Data logging via Bluetooth connections – in a word, ‘avoid’

Just as data loggers got that bit more reliable, in comes the wireless connection known as Bluetooth.
While recent devices use a USB lead to connect a data logger to the PC, several manufacturers offer the extra feature of a Bluetooth wireless connection.

USB is mostly good. USB not only transfers data, it can power the data logger and this is how logging is becoming more reliable. (See for example Easy sense ‘Link’ (Data Harvest) for a most reliable and inexpensive way to link three sensors to a PC.)

Enter Bluetooth and the logger transfers data over a wireless link. Like a mobile phone, the logger will need power so we’re back to scratch on the power issue again. What’s more, Bluetooth is flakey-flakey-poor. For example, the PC and logger have to be married and this marriage have a habit of falling asunder. So we jump from real gains with USB to real risks with Bluetooth. And reliability plummets.

Bluetooth is great for connecting the whole bunch of obscure devices like phones, headsets, speakers, PDA’s, GPS navigators and personal gizmos you might buy. Instead of carrying a caseful of cables, you use Bluetooth to connect them up. So you can print, access the network / Internet and send data (phone numbers, pictures, music) between them.

Bluetooth is largely about getting different manufacturer’s devices to interoperate with a bit of wireless convenience thrown in.

If Bluetooth data loggers enabled a small chunk of that ability we’d be gaining something. If Bluetooth could send data back from a hot water tank, different rooms, a pond or weather station we’d be gaining something but still not exactly massively. If they took photos and fed them back that would be a gain. If different maker’s equipment worked with the PC we’d gain massively. But Bluetooth data loggers aren’t doing that at all. At the most they exchange data with the PC, something which a simple USB cable does best.

I’d avoid. Given the track record of data loggers, and until someone shows reliability or ‘learning’ gains from using Bluetooth, I’d suggest staying away.

From our ‘Contact’ page – Philip Harris elog (II)

From our ‘Contact’ page:
Dear Roger

Have just bought a Philip Harris eLog II datalogger (before I looked at your website!). I am having problems.

The A3 sheet sized quickstart guide (there is no manual yet) says you can charge the internal batteries through a connection to the USB port on the laptop PC (with the laptop USB power saving features turned off). 8 hours should be needed.
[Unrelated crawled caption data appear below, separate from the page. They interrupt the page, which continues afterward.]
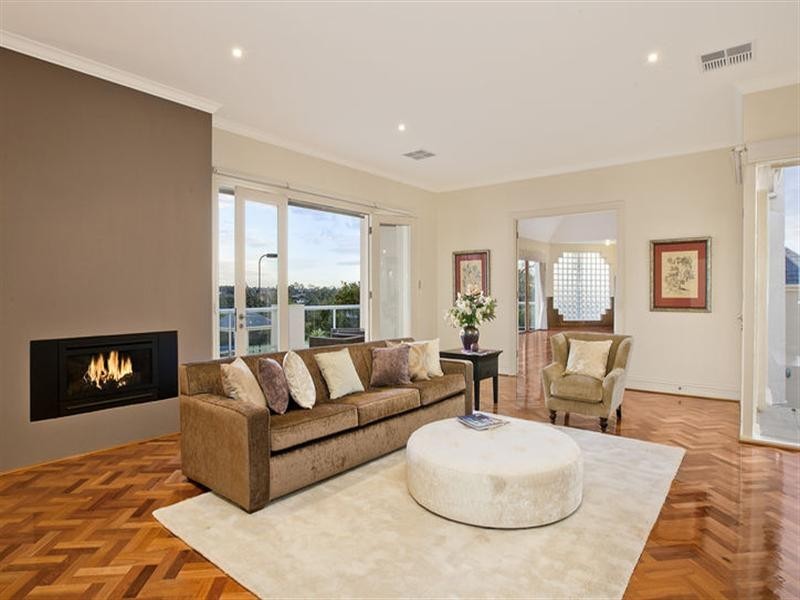 10 Summerhill Road, Templestowe VIC 3106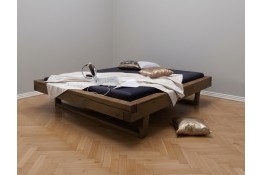 Дизайнерская кровать из массива сосны 180х200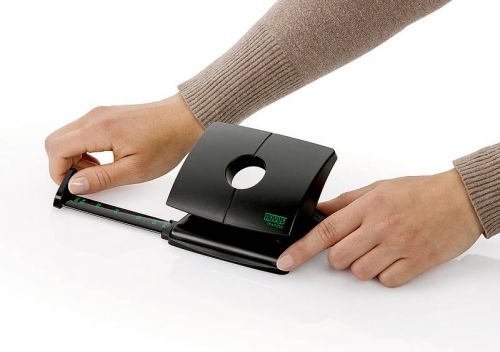 Novus renew B 216 2 Hole Punch Plastic 16 Sheet Black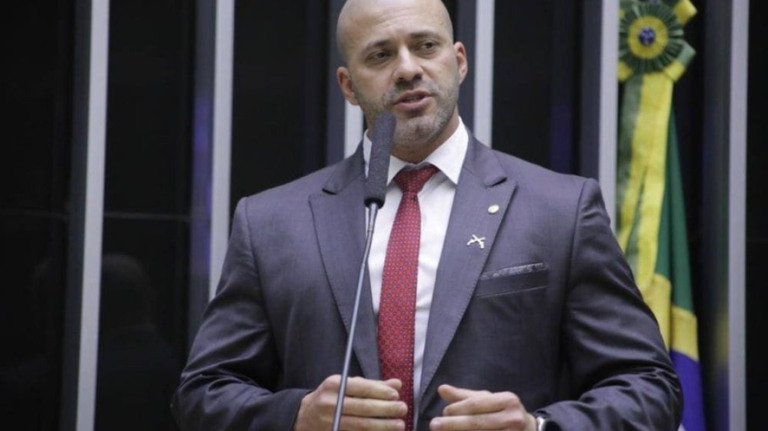 PF apreendeu mais de R$ 270 mil em espécie na casa de Daniel Silveira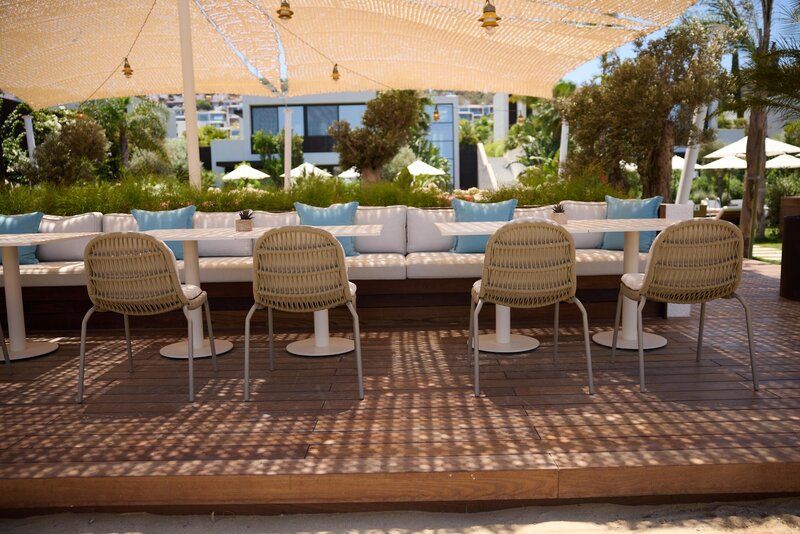 Caja by Maxx Royal 17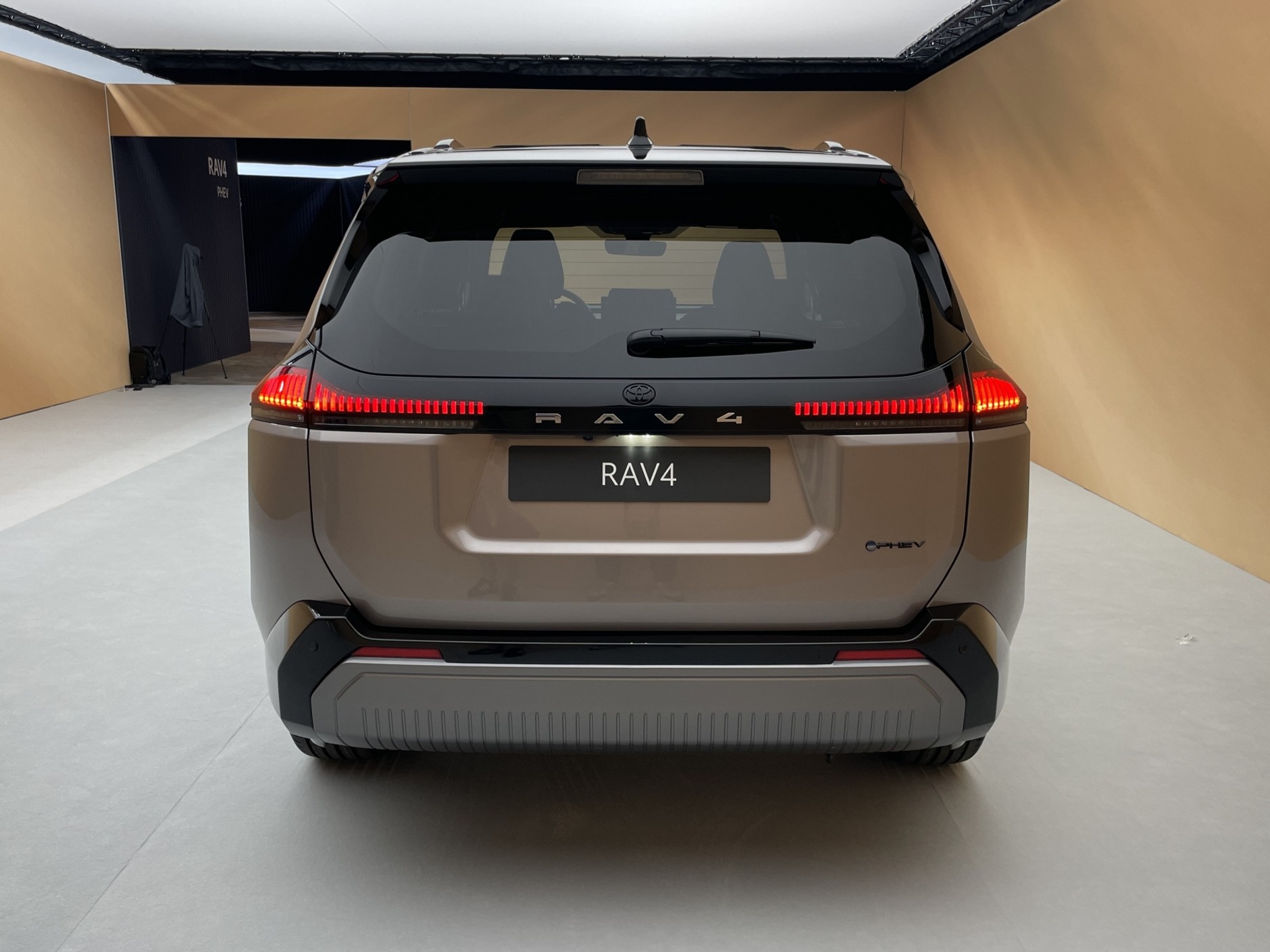 Nowa Toyota RAV4 (2025)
However this does not work – the batteries stay stubbornly uncharged even after 36 hours and a very hot laptop. Turning the elogII power on (there is a meagre 5% internal battery power left) during charging doesnt help either – and I have now completely pancaked the internal battery.

The Philip Harris tech support line is a study in ignorance. Can you suggest what I am doing wrong?

The elogII worked briefly on what power it DID have before I pancaked it.


RF thinks:
That USB socket on a laptop delivers very little current. It’s slightly different to a USB on a desktop where charging via USB isn’t going to overdrain the battery. There’s enough power in the laptop USB to allow you to read the sensors but either there’s not enough to really top up the battery or more likely there’s not enough to recharge the battery from flat. (It would be sensible/likely for the manufacturer to have disabled charging the logger from flat.) An alternative idea, and battery issue aside, is that the kit is not good – which is sad because there’s a lot of faith in the company but their equipment is over-blown and off-target. And more sad that there’s not a lot of intelligence left at Philip Harris to steer it back on course.